**What this task involves**:
From the line containing "SPRAYGROUND SHARKCLUB ELECTRONICA" to the final line of the material below, return every line exactly. Do not include pictures.

**Collected data**:

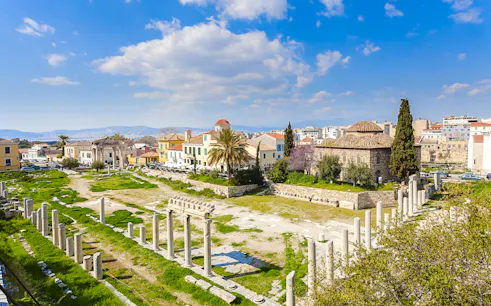 athens: acropolis, parthenon & ancient agora guided tour-1
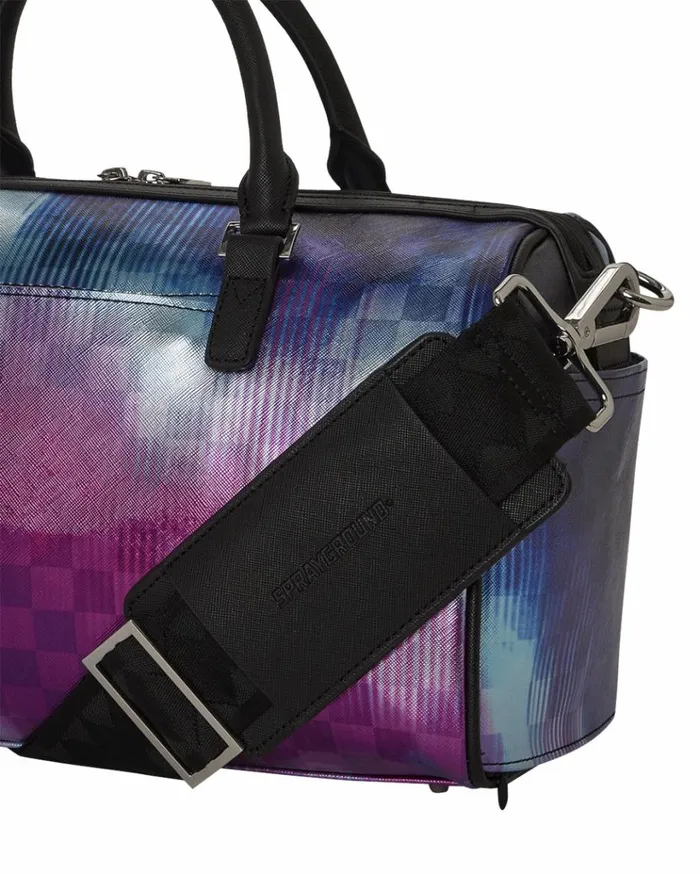SPRAYGROUND SHARKCLUB ELECTRONICA MINI DUFFLE Bags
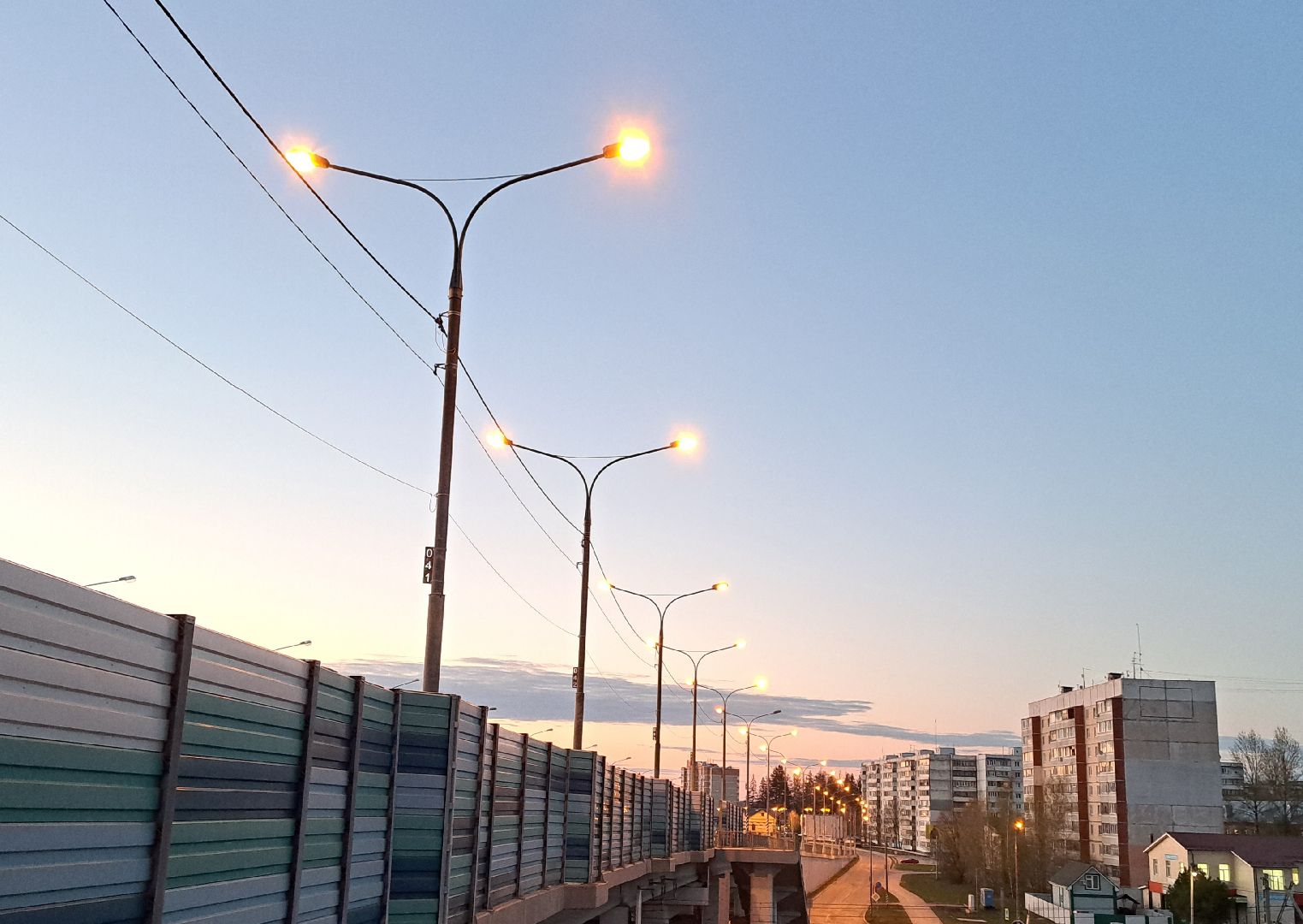 Рузский городской округ, благоустройство, линии освещения, фонари, свет, Светлый город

**Task response**:
SPRAYGROUND SHARKCLUB ELECTRONICA MINI DUFFLE Bags
 Рузский городской округ, благоустройство, линии освещения, фонари, свет, Светлый город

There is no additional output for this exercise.